Like most youth growing up in Sweden in the 1980s and ’90s, jewelry designer Göran Kling was enthralled by American pop culture. His obsession was so strong, it sent him on a pilgrimage halfway around the world to experience the U.S. firsthand. “I was a seventeen-year-old foreign exchange student in a small east-Texas town called Beckville,” Kling recalls of his first, albeit slightly misguided, visit to the States. “A lot of what I saw on TV and heard in music [while living in Sweden] was not east Texas.”

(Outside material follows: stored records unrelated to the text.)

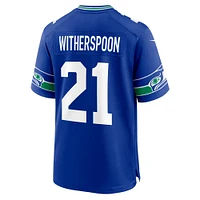 Men's Nike Devon Witherspoon Royal Seattle Seahawks Throwback Player Game Jersey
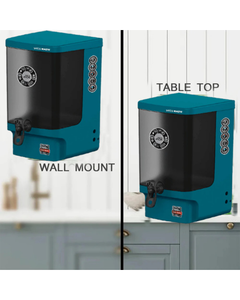 Purificador de agua AQUA JADE COMRADE BLUE WATER con sistema RO, zinc, cobre, alcalino, TDS, capacidad de almacenamiento de 10L, indicador LED, material de grado alimenticio. - Product Image 1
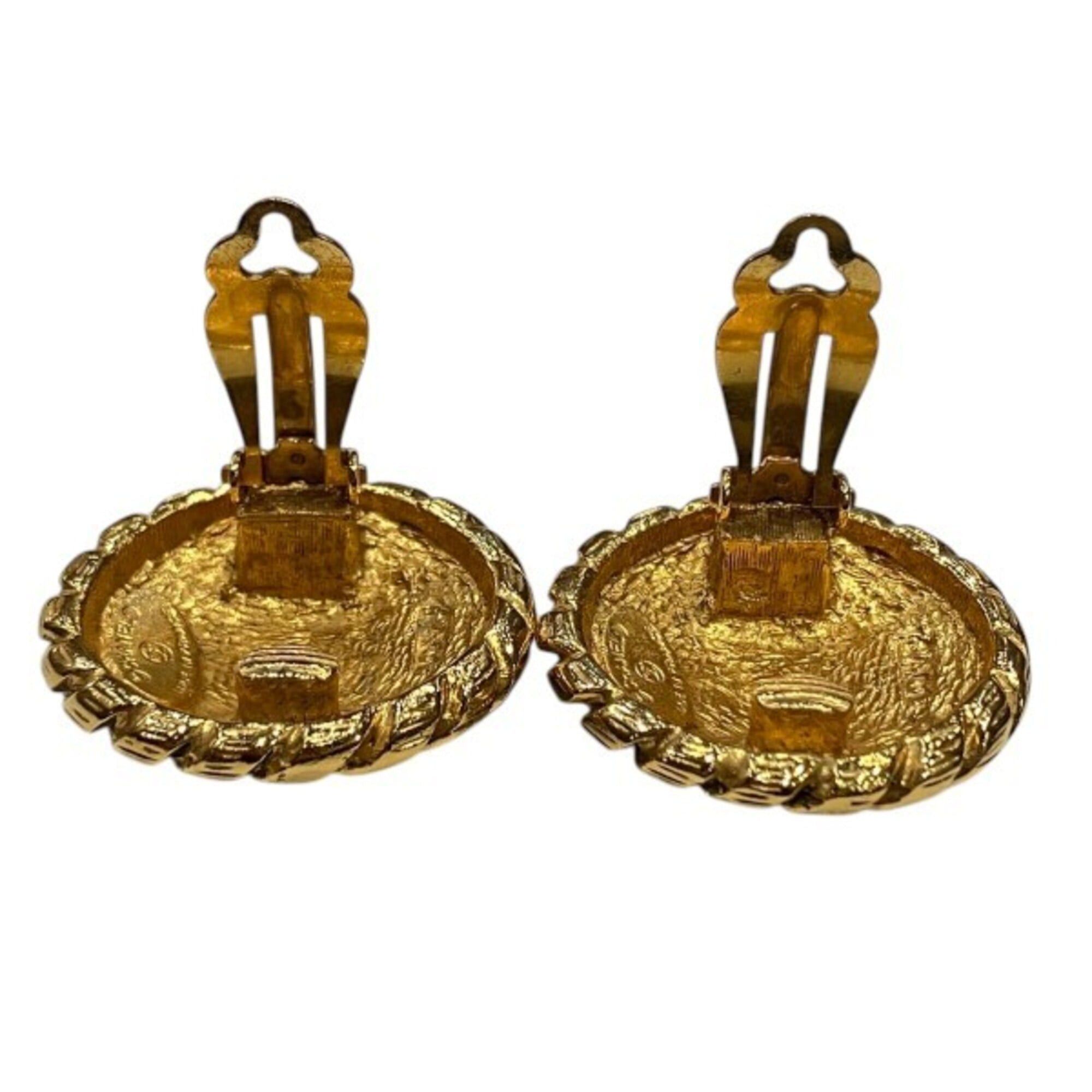 Chanel Chanel Coco Mark Gold Vintage Brand Earrings for Women Size ONE SIZE - 4 Thumbnail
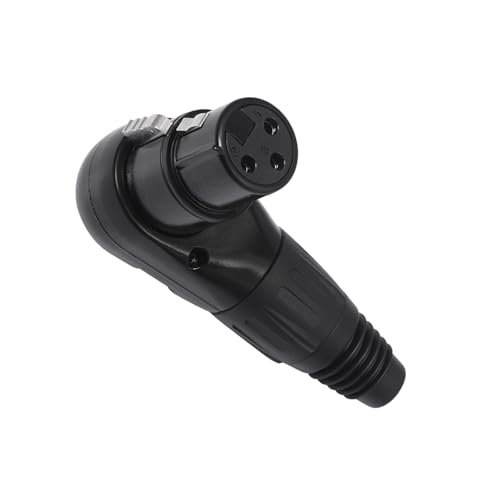 Dawutocap Adattatore ad angolo retto a 3 pin presa/spina ad alta schermatura con regolazione della posizione multipla per cavo microfono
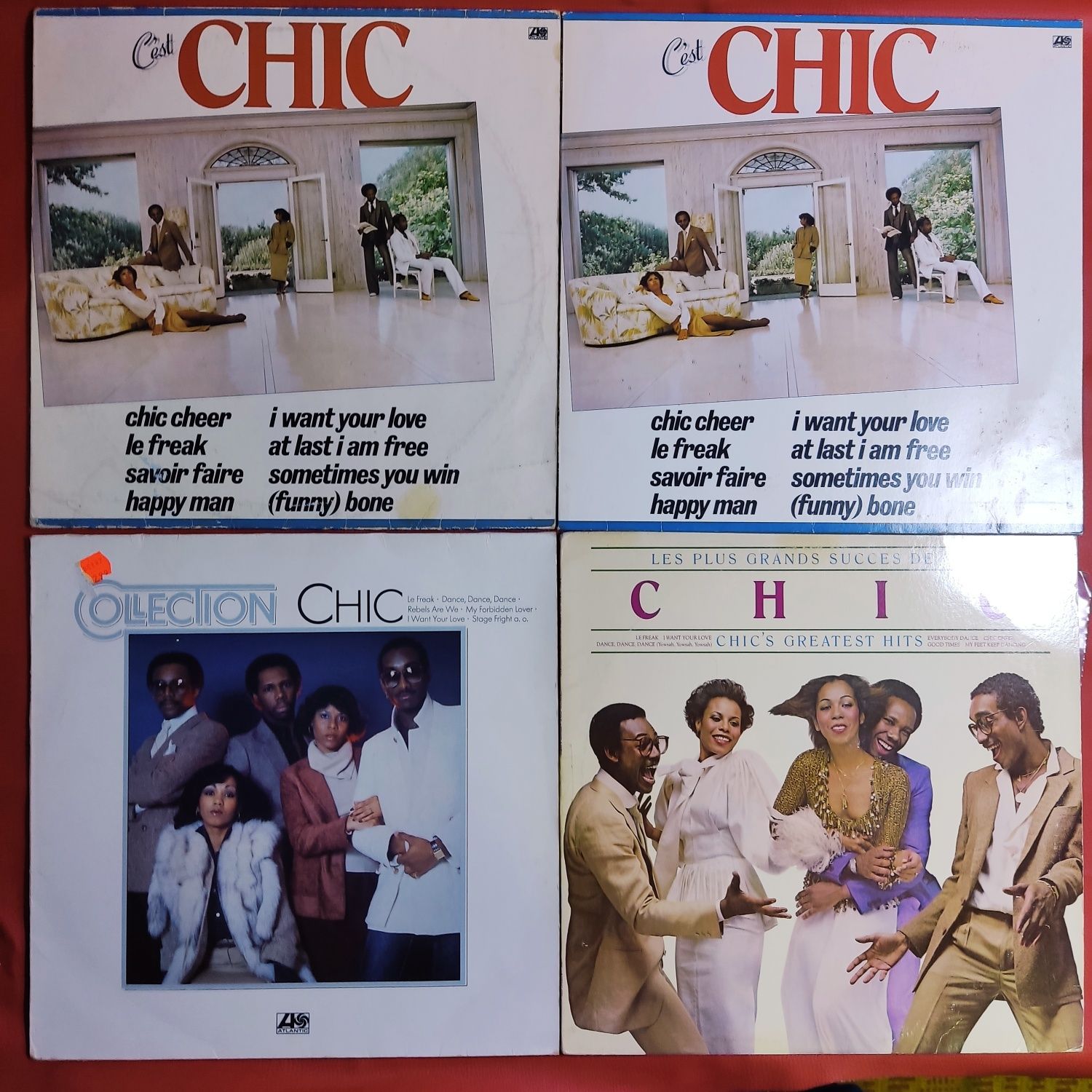 Chic - Фірмові вінілові платівки.1978/79/82.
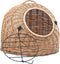 vidaXL Kattendrager 50x42x40 cm natuurlijk wilgenhout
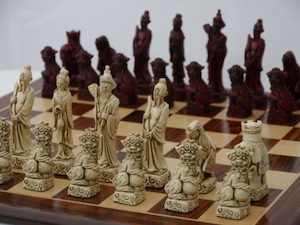 Berkeley Chess Mandarin Chessmen Cardinal Red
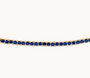 NAVY CRYSTAL TENNIS NECKLACE IN GOLD by Alexa Leigh - Romi Boutique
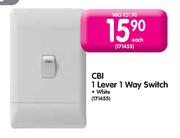 CBI 1 Lever 1 Way Switch (White)-Each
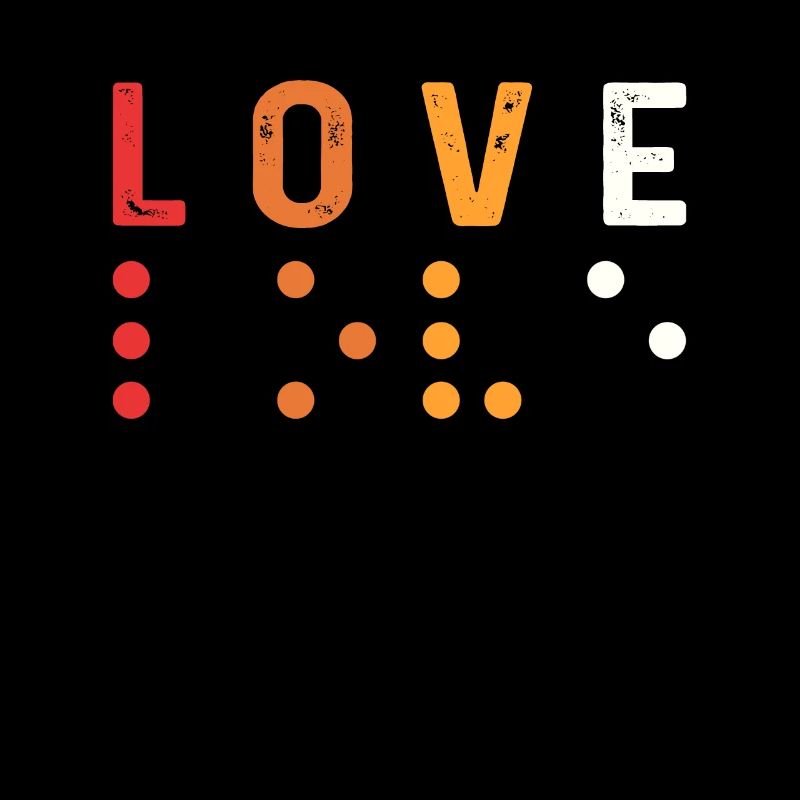 Liebe. Welt-Braille-Tag Blinde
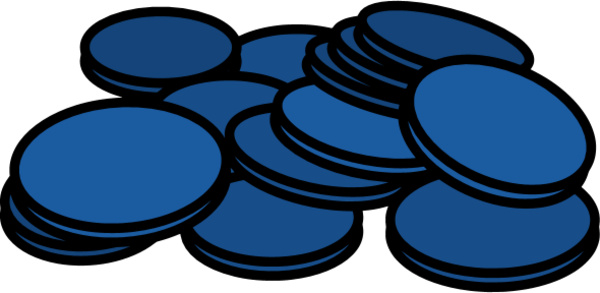 Vector Clip Art - Coin (600x293)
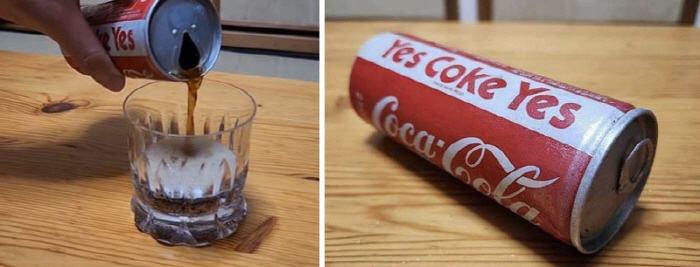 40년 된 코카콜라 맛은? 등산 중 개봉 안한 캔 발견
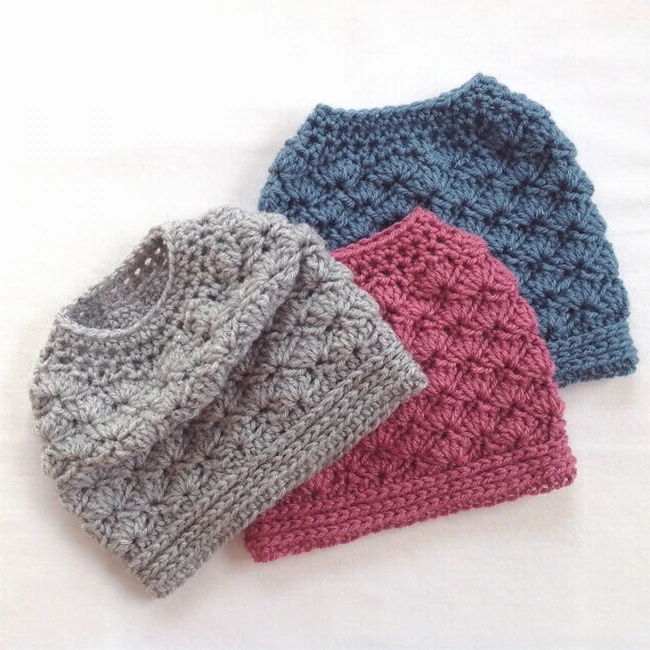 crochet hair hat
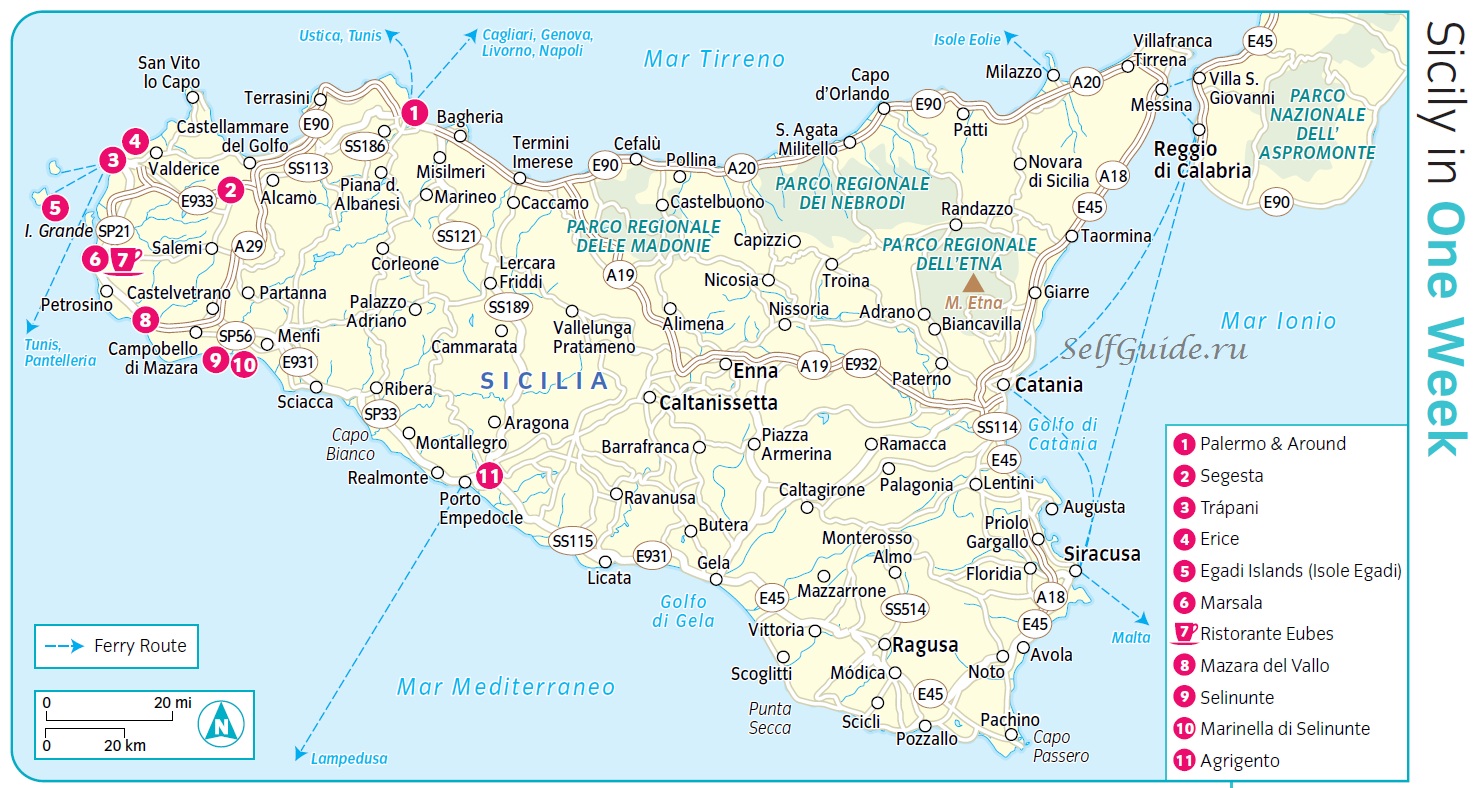 Сицилия за 1 неделю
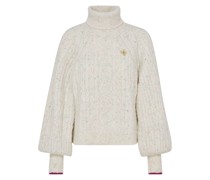 Rollkragenpullover Weiß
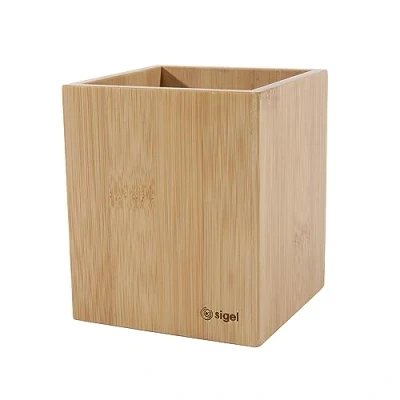 Afbeelding van Pennenkoker EYE STYLE bamboe 92x92x106mm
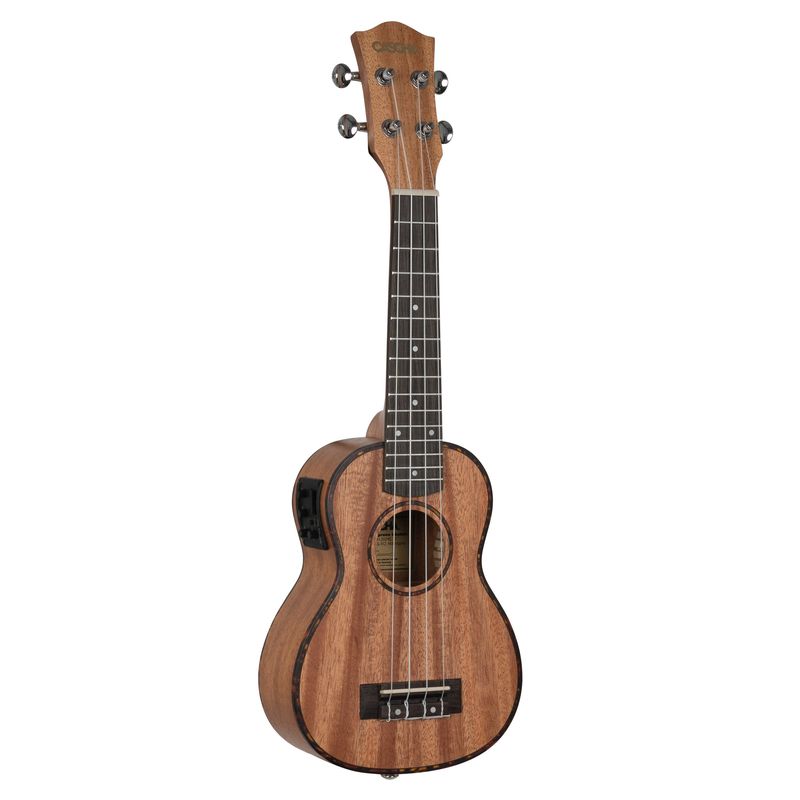 Сопрано укулеле Cascha HH 2026E, Premium Mahogany, С вградена електроника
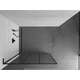 Mexen Kioto L ścianka prysznicowa Walk-in 120 x 200 cm, czarny wzór, czarna - 800-120-103-70-77, изображение 4
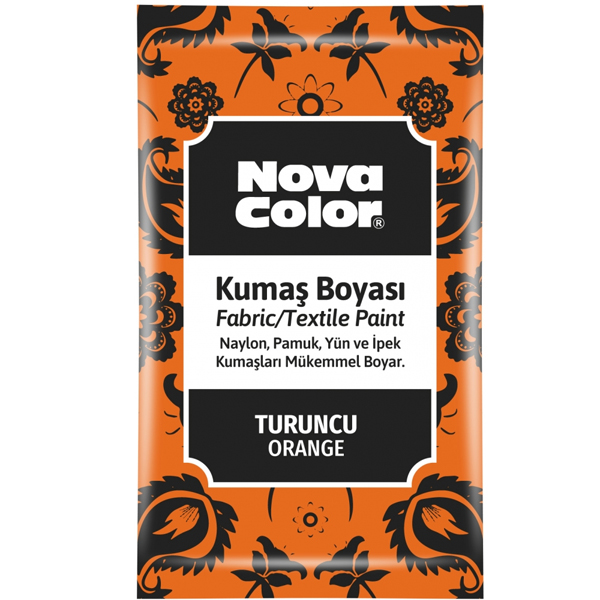 Nova Color Kumaş Boyası Toz 12 Gr Turuncu NC-906
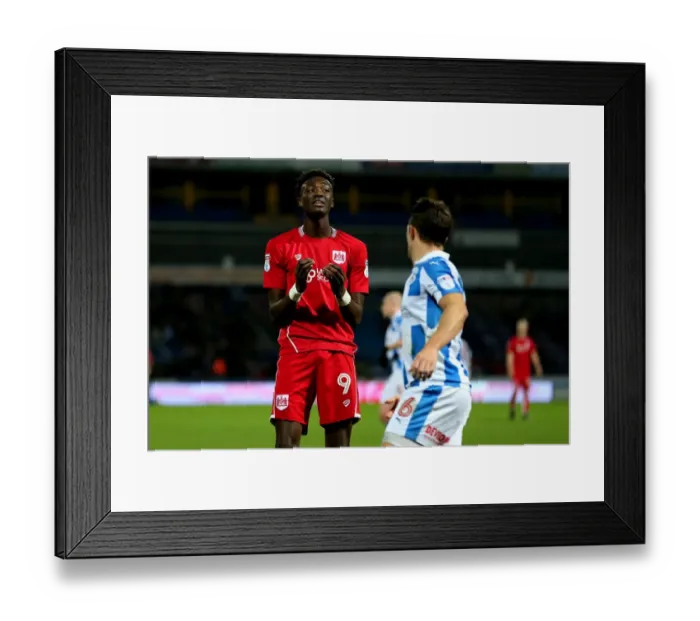 Framed Print : Tammy Abraham's Heartbreak: A Missed Goal for Bristol City at Huddersfield Town (December 10, 2016) Framed Print : Tammy Abraham's Heartbreak: A Missed Goal for Bristol City at Huddersfield Town (December 10, 2016)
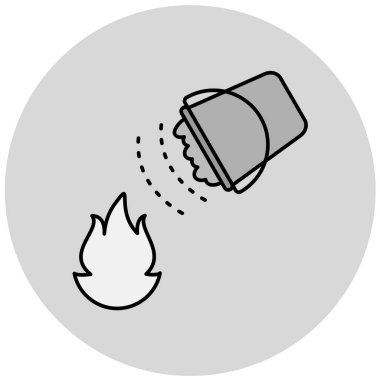 Simge vektör resimlemesini ateşle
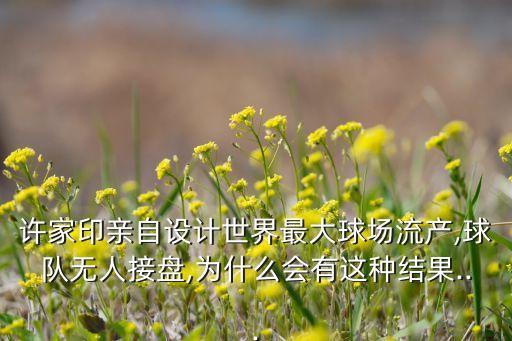 許家印親自設(shè)計世界最大球場流產(chǎn),球隊無人接盤,為什么會有這種結(jié)果...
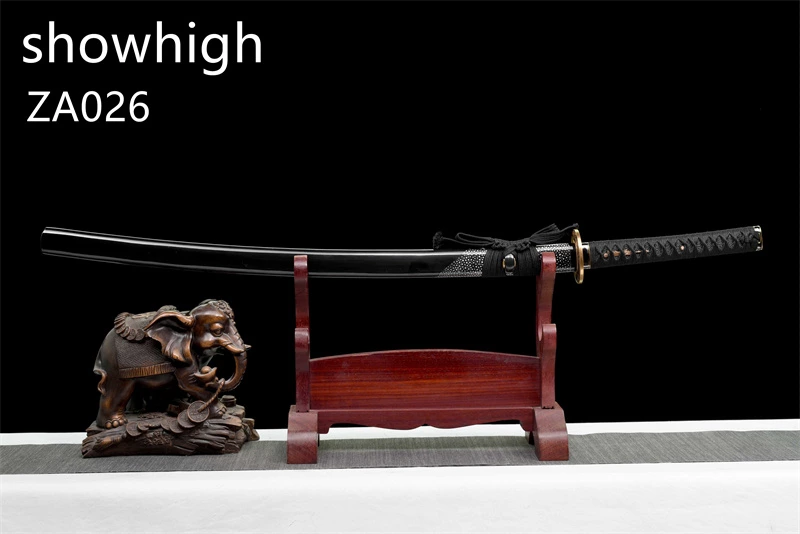 real hamon damascus katana sword ZA026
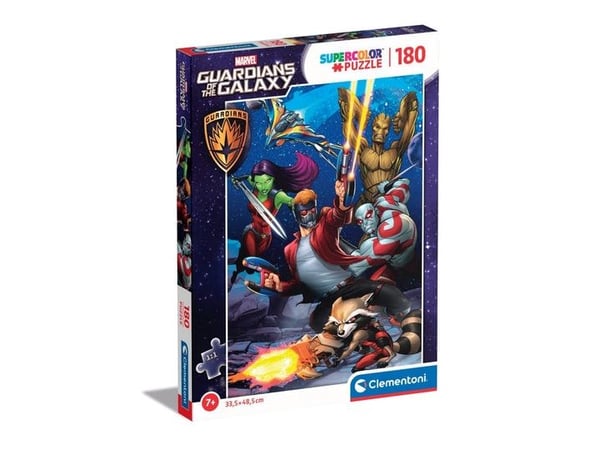 Puslespill Clementoni Puzzle 180 Super Color Marvel Guardians of the Galaxy
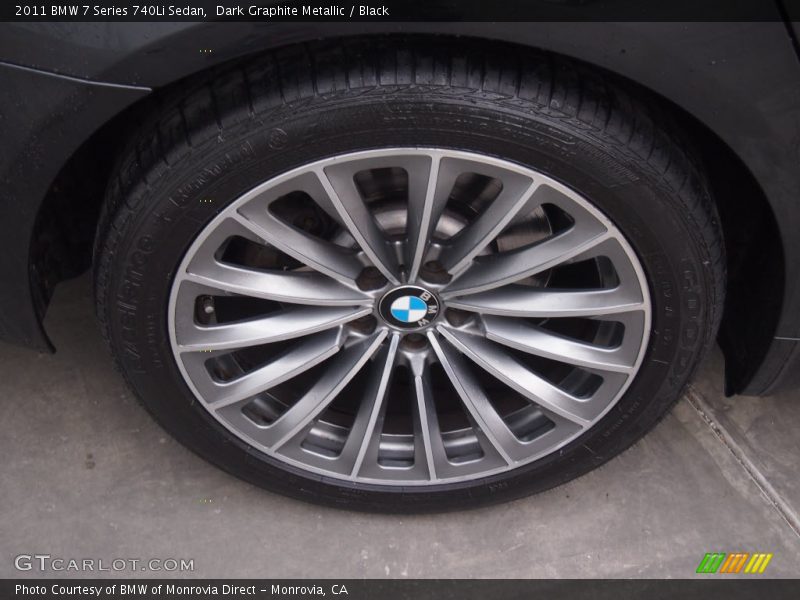 Dark Graphite Metallic / Black 2011 BMW 7 Series 740Li Sedan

Though the rural Southwest hardly resembled the America he witnessed on MTV, the experience has come to inform the basis of his craft. “I work with this bastardized idea of American culture,” Kling explains. “There’s a gap between the popular culture you consume and what it is in reality.”
This August, he’ll have the chance to take this idea a step further, as the first artist to participate in the 92Y’s Jewelry Residency Program in New York City. There, the formally trained goldsmith will spend a month working on his playful gold and silver pieces that riff on internet memes, emojis, and symbols of subcultures, from cannabis to hip-hop and rap. “Jewelry and memes are similar,” Kling says of his tongue-in-cheek work. “You either get it or you don’t.” It makes sense, considering that his designs don’t quite fall into a single category.
“It’s not hip-hop jewelry or art jewelry or necessarily commercial jewelry,” says Jonathan Wahl, the director of 92Y’s Jewelry Center. “It touches on all of those things without being too literal.” It’s this clever ambiguity that has charmed both experts like Wahl and rappers like A$AP Rocky. It’s also what has enticed museum representatives (from the Met, MAD, and Cooper Hewitt) to place Kling in 92Y’s residency program, situated in the epicenter of the culture he so articulately casts in gold and silver.